START Data provided
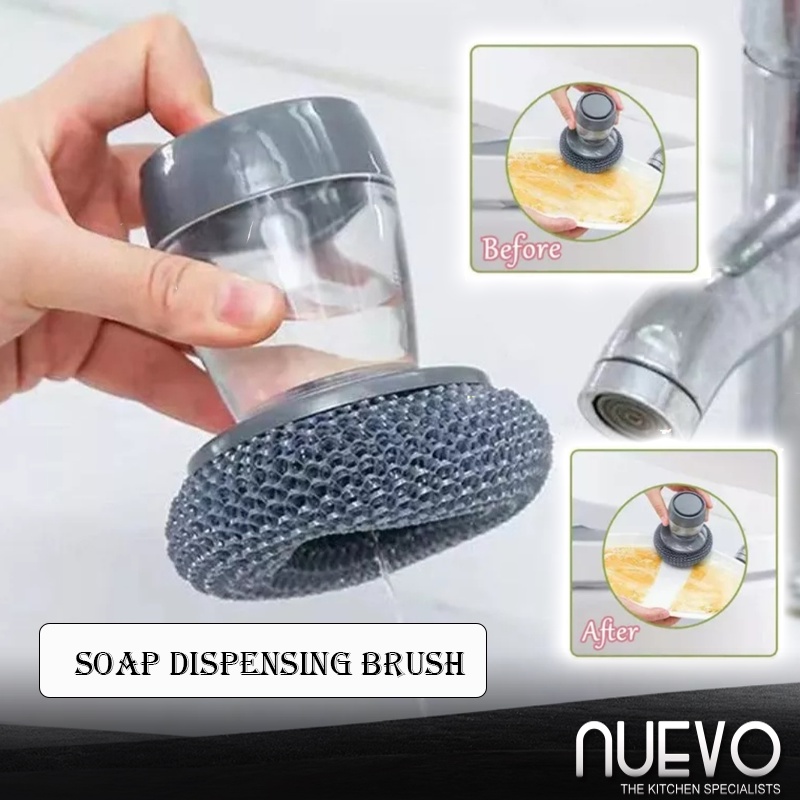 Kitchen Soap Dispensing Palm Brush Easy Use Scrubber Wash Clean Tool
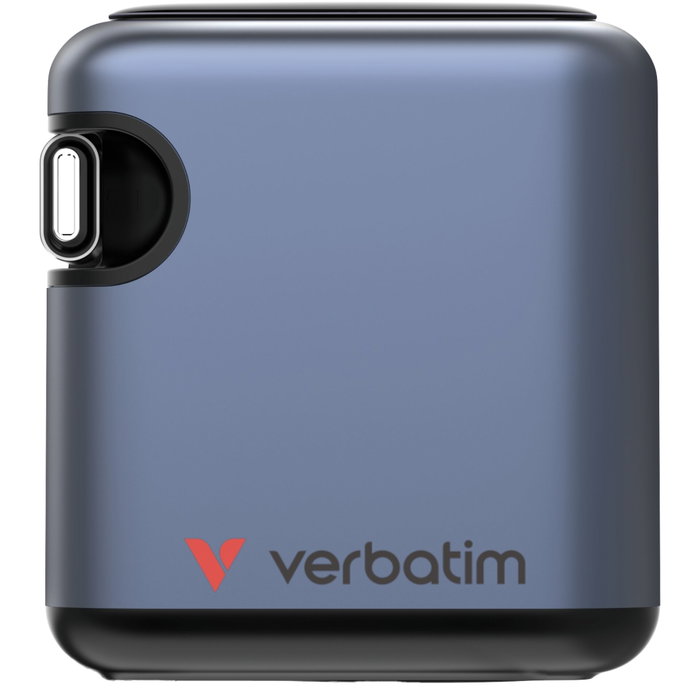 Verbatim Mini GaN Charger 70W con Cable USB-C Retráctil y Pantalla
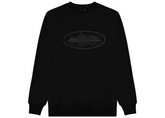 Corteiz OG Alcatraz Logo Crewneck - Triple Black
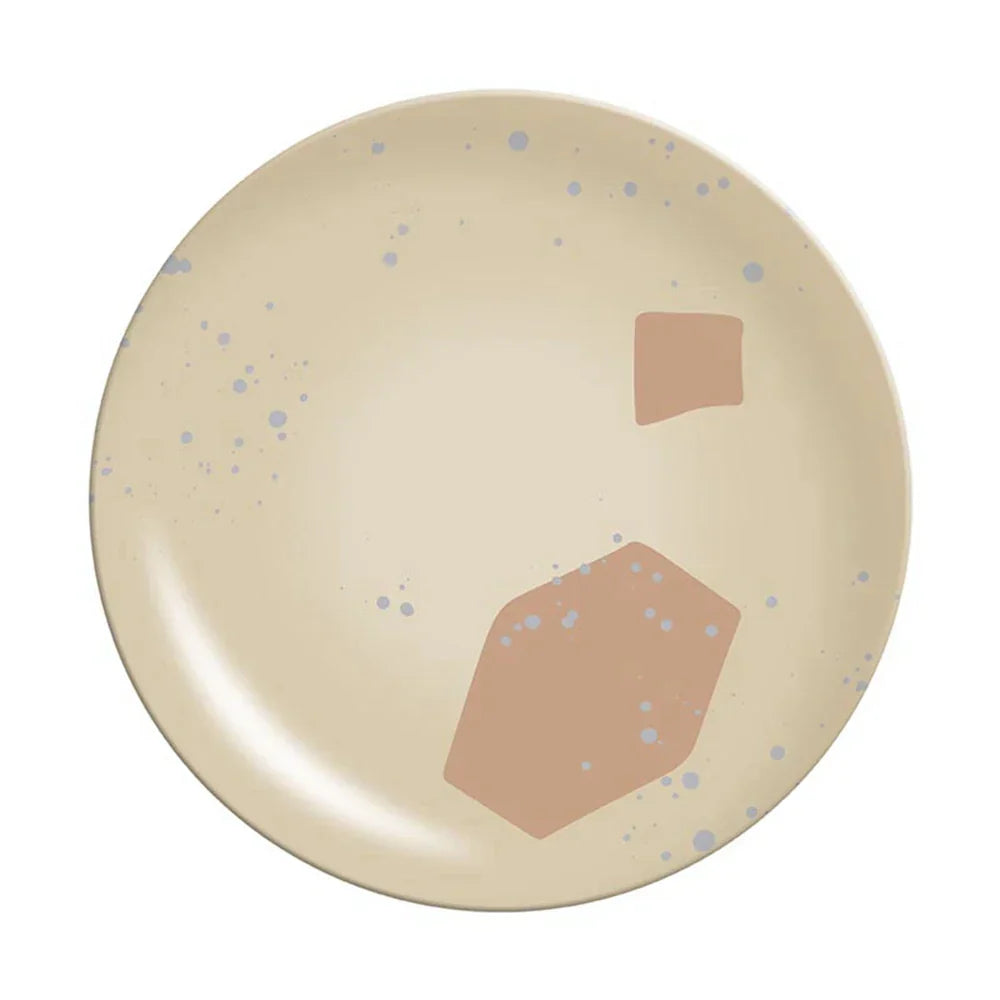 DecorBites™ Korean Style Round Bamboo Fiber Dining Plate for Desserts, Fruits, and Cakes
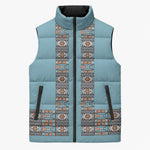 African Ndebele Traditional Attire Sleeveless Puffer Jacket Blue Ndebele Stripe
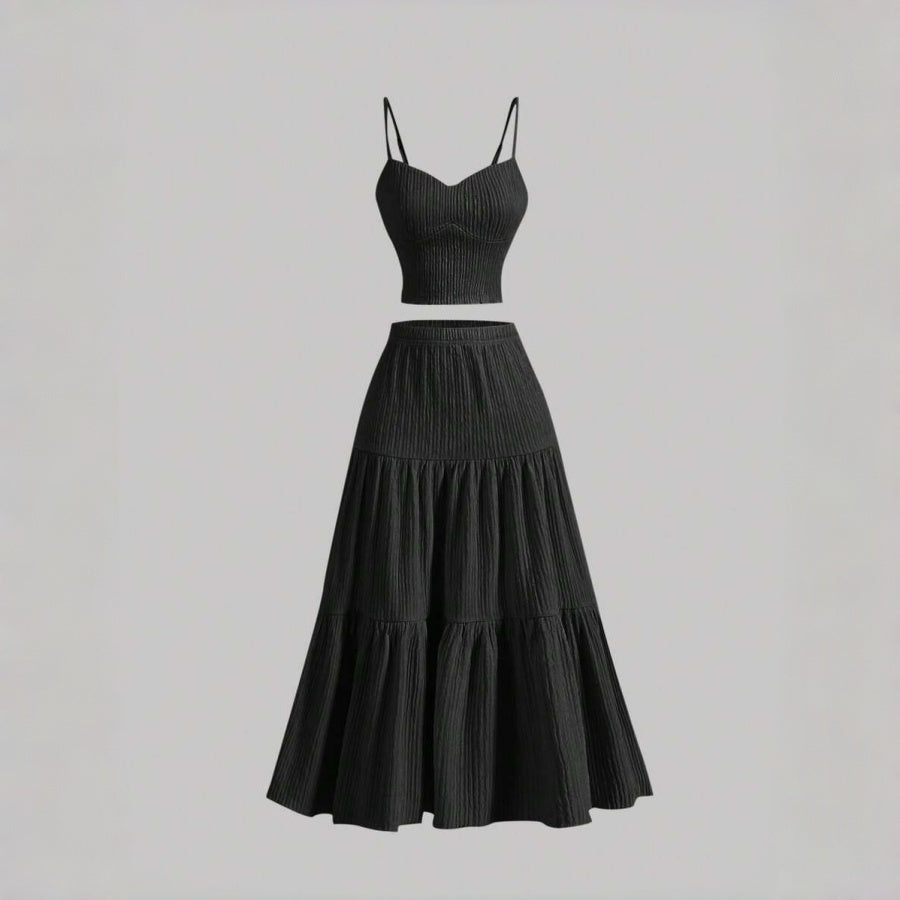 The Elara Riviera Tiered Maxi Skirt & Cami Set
END Data provided
START Data provided
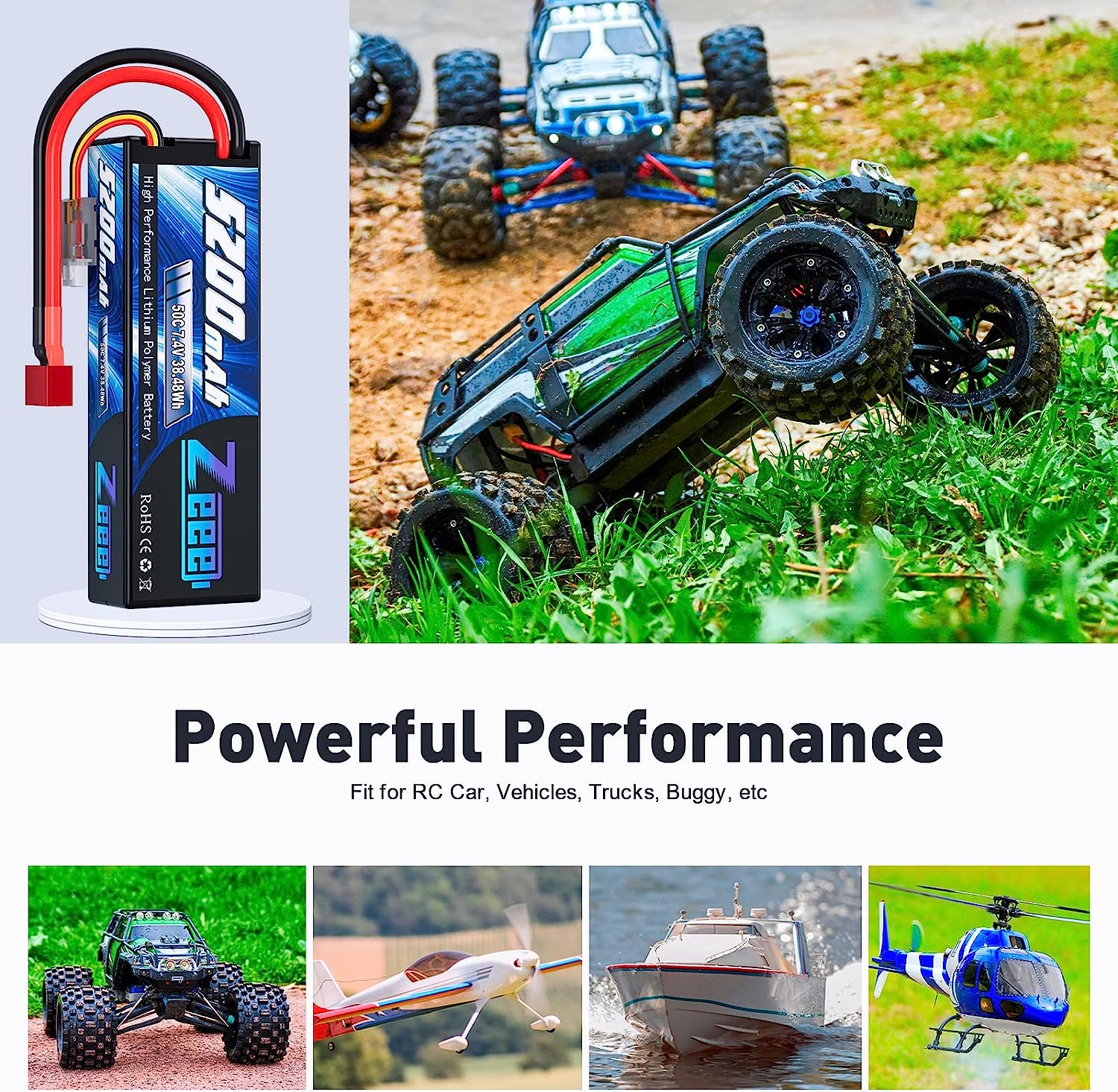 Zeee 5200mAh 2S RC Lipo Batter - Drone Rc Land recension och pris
END Data provided
_What to produce_
Copy the lines above exactly, starting with the line that contains "Verbatim Mini GaN" and ending with the line that contains "The Elara Riviera", and leave out any pictures.

_Result of the task_
 Verbatim Mini GaN Charger 70W con Cable USB-C Retráctil y Pantalla
 Corteiz OG Alcatraz Logo Crewneck - Triple Black
 DecorBites™ Korean Style Round Bamboo Fiber Dining Plate for Desserts, Fruits, and Cakes
 African Ndebele Traditional Attire Sleeveless Puffer Jacket Blue Ndebele Stripe
 The Elara Riviera Tiered Maxi Skirt & Cami Set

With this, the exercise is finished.